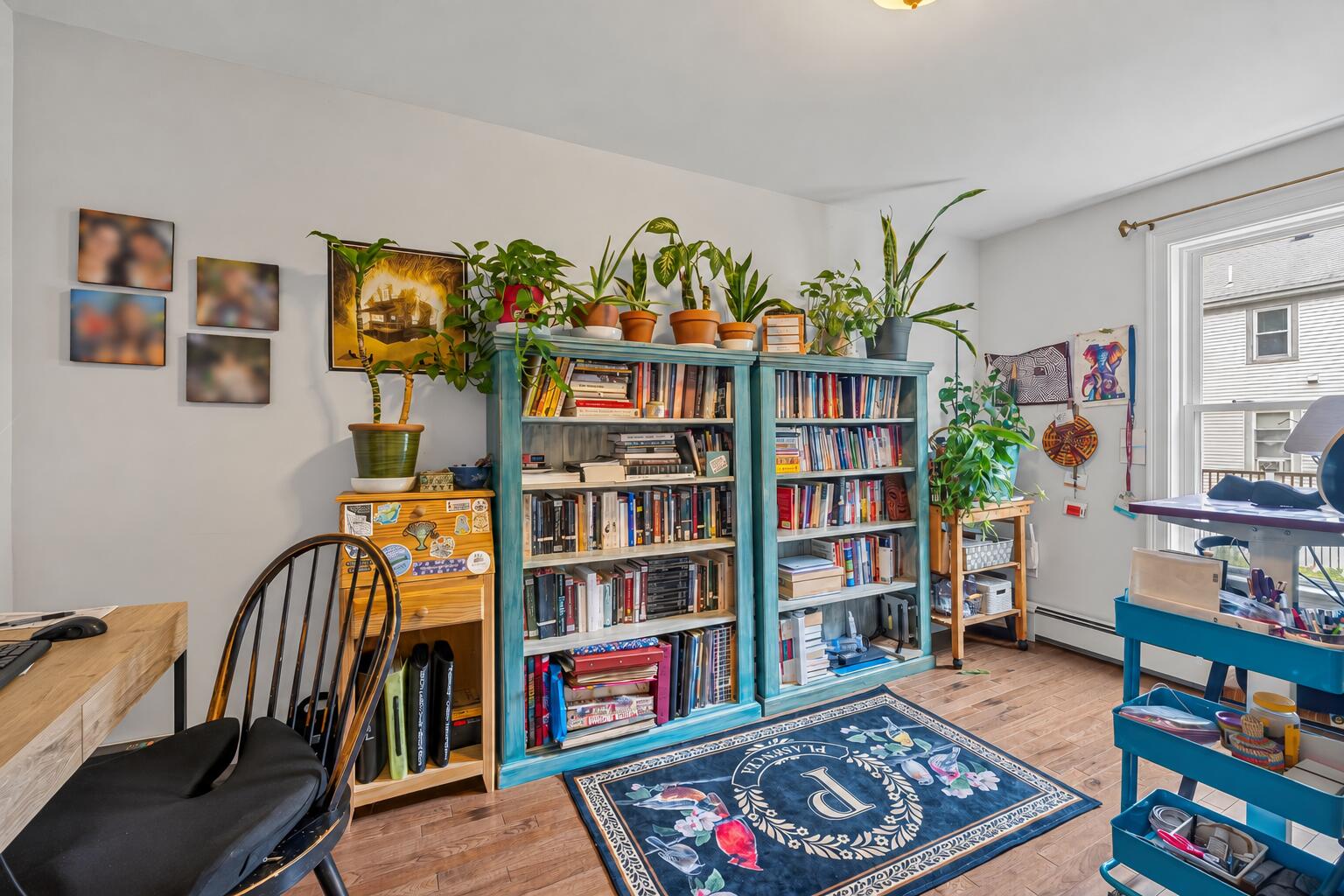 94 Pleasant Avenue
==================================================
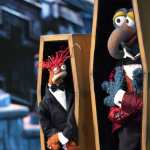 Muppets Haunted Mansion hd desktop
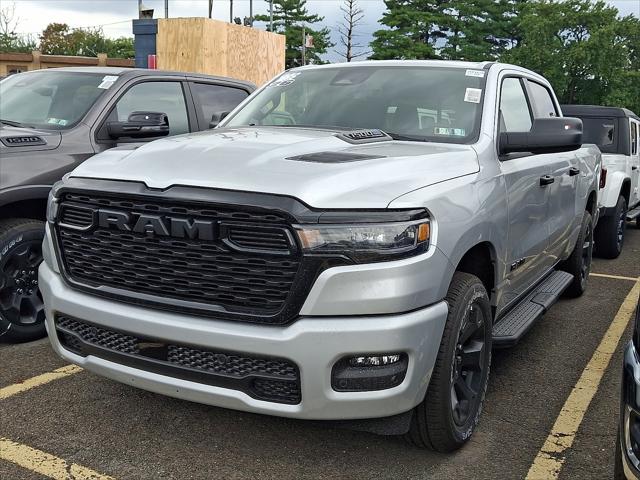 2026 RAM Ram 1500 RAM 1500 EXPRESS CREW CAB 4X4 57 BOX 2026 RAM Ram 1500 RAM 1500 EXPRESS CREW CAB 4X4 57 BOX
==================================================
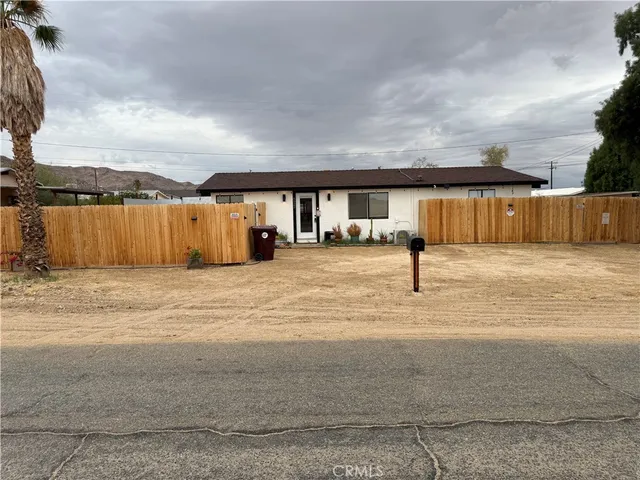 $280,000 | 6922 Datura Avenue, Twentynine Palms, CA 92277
==================================================
▸ Work request: The stretch to restate runs from the line above containing "Muppets Haunted Mansion hd desktop" through the line containing "57 BOX 2026". Copy it word for word, ends included, without pictures.

▸ Answer area:
 Muppets Haunted Mansion hd desktop
 2026 RAM Ram 1500 RAM 1500 EXPRESS CREW CAB 4X4 57 BOX 2026 RAM Ram 1500 RAM 1500 EXPRESS CREW CAB 4X4 57 BOX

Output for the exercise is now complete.